## [Requirement]
Begin at the line below that has "Aussenansicht der Kreuz-Apotheke". Stop after the line that has "Shawn Coffin Portrait", repeating each line exactly and leaving out the pictures.

## [Given records]
☆ ☆ ☆ ☆

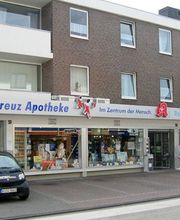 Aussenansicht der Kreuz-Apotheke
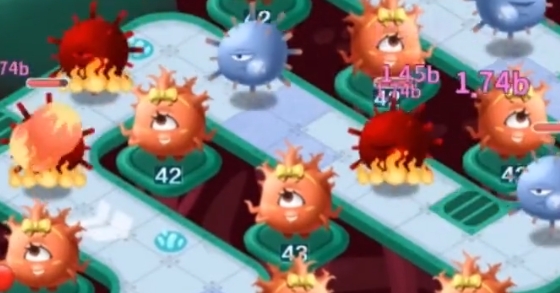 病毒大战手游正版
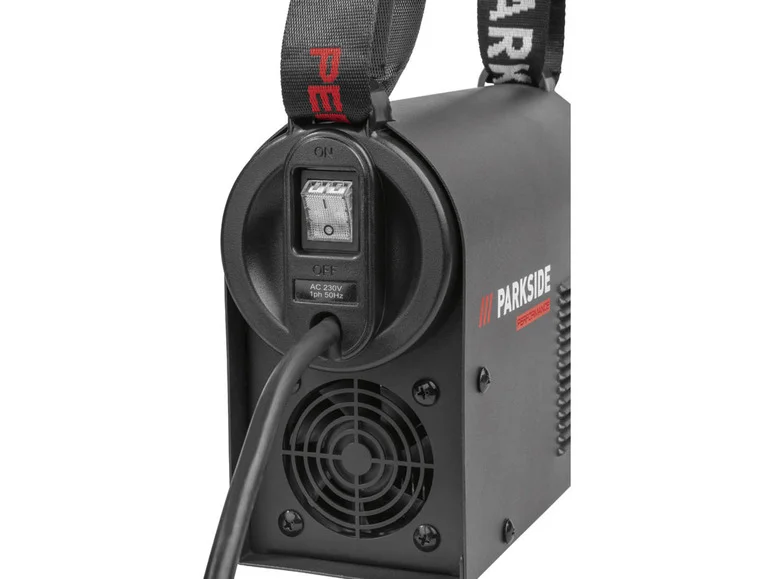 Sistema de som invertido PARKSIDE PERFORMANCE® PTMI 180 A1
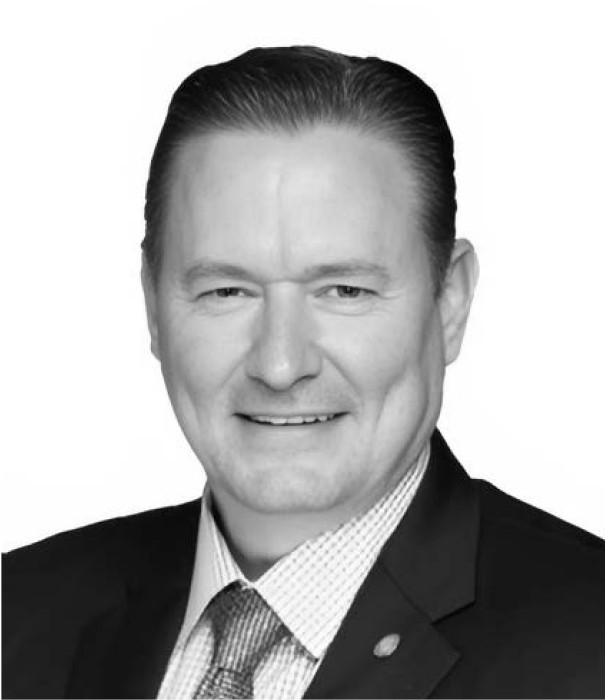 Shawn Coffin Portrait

☆ ☆ ☆ ☆

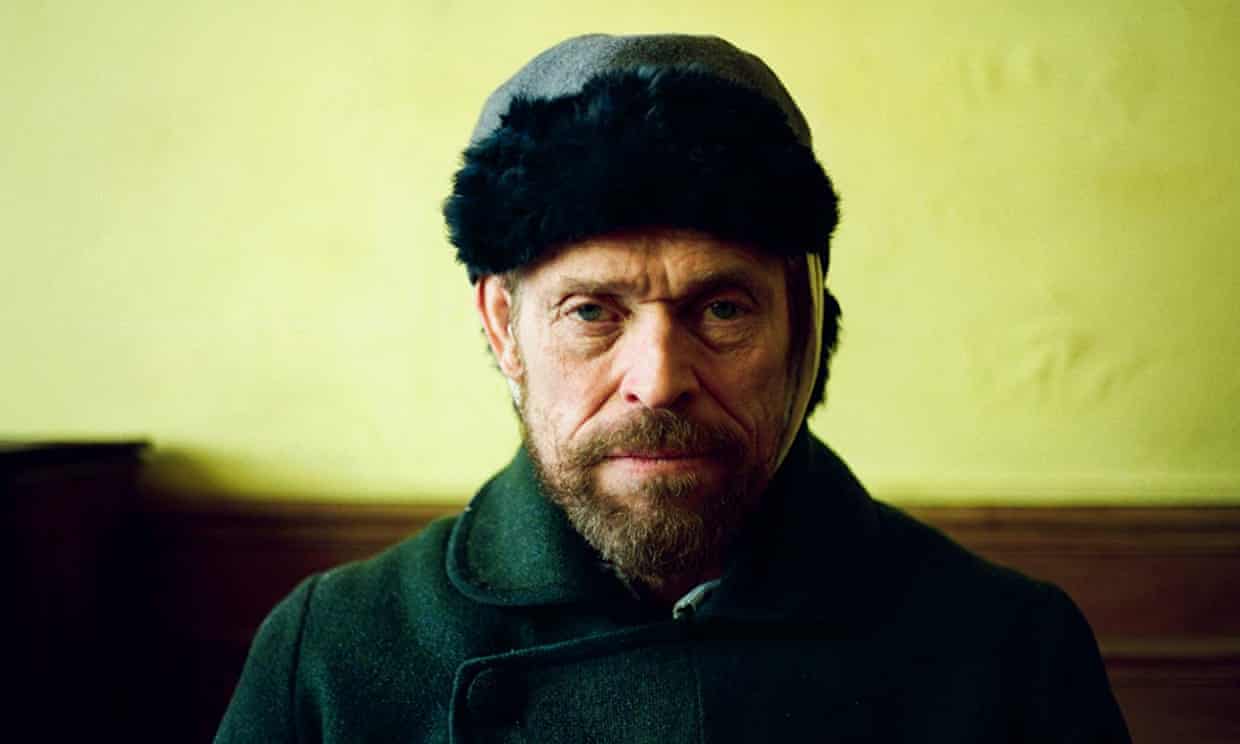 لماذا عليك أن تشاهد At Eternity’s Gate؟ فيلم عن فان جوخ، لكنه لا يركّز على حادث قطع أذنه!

☆ ☆ ☆ ☆

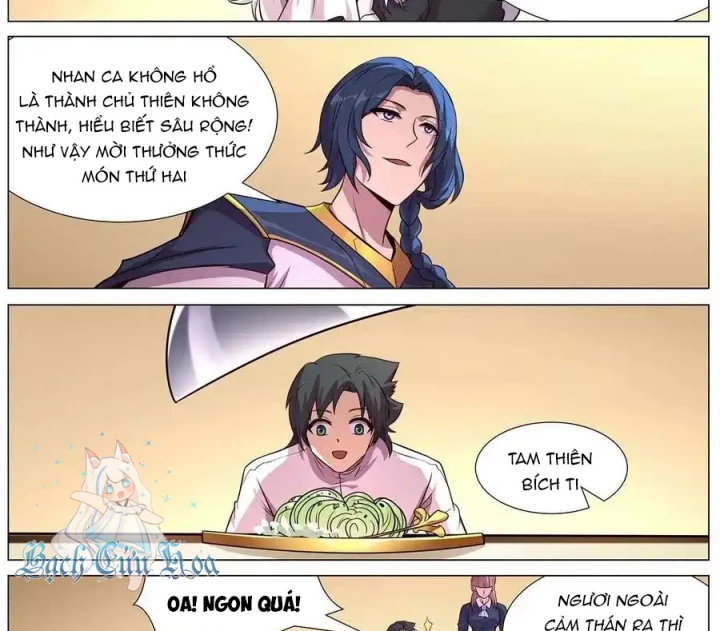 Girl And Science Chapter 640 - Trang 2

☆ ☆ ☆ ☆

## [Exercise solution]
 Aussenansicht der Kreuz-Apotheke
 病毒大战手游正版
 Sistema de som invertido PARKSIDE PERFORMANCE® PTMI 180 A1
 Shawn Coffin Portrait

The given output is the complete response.